- Islampura Jabbar Location within Pakistan
- Country: Pakistan
- Province: Punjab, Pakistan
- District: Rawalpindi
- Tehsil: Gujar Khan
- Capital: Islampura Jabbar
- Time zone: UTC+5 (PST)

= Islampura Jabbar =

Islampura Jabbar is a town in Tehsil Gujar Khan, in Rawalpindi District, in Punjab, Pakistan.

==Facilities==
The town has a Jamia Masjid, a post office, a boys higher secondary school and a girls higher secondary school.

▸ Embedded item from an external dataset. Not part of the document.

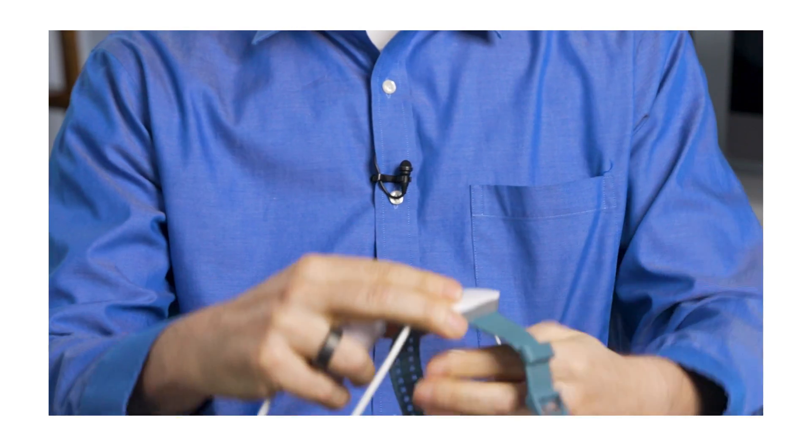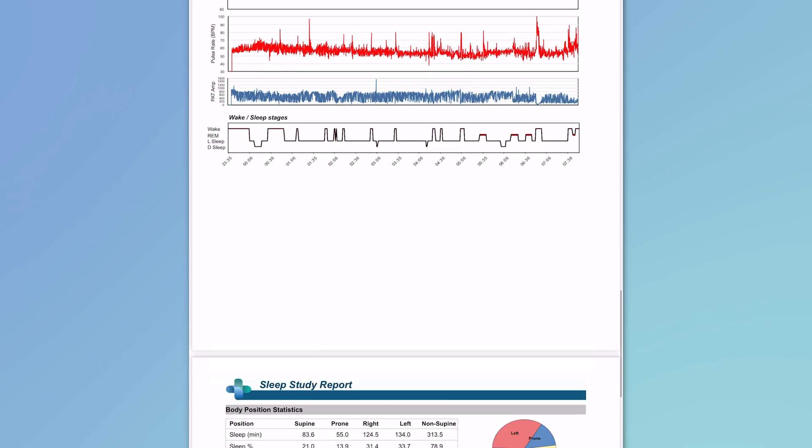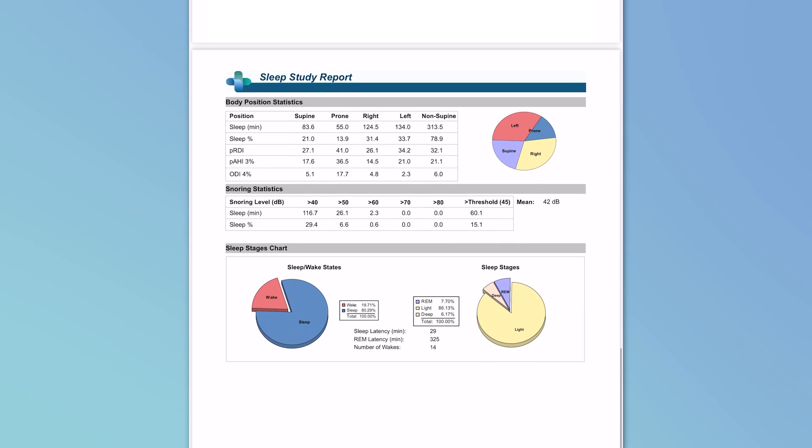All this requires is a sensor for your chest, one for your finger, and then this piece that you wear like a wristwatch. I wanted to show you what an at-home sleep test tracks and the kinds of information that it looks at, so you can see exactly what your doctor would be looking at.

There are around 1,500 shops and 5 banks,
lots of food places, pizza burgers etc.
There are few privately owned schools for boys and girls.
Every year in march there is a mela (funfair) under the name of baba Sain Mirchoo Qalandar, mainly on 5/6/7 of march, events of the mela are Kabbdi match, horse dance, bull race and other traditional activities.
Free food called langar is available for all three days by Darbar management.

==Near by Villages==
The surrounding villages are Qazian, Manjotha, Pandori, Jabber Jattan, Pandori Bangyal, Goleen, Banair Kaswal, Doke Kallaryan, Dhok Sherpa, Dhok Hashmat Ali, Muhree, and Rohraha, Ratalla, Muhara Bhuttian, Dhok Nawais Ali, Dhoke Jaari, lass, Malik Pur, Sohawa Mirza, Sadiqabad, Peem, Balham, Jameel Pura, Qadir Bakhs, Dhok Sir, Chani, DHOK BHATTIAN, Muhra Shahan, Darkal, Kajoori, Miani borgi malot pakhral, Malot Kaswal, Jabbar Village, Kangar Mandhal Paleena and its small villages like Thathi, Thigri, Luss, Meraa etc.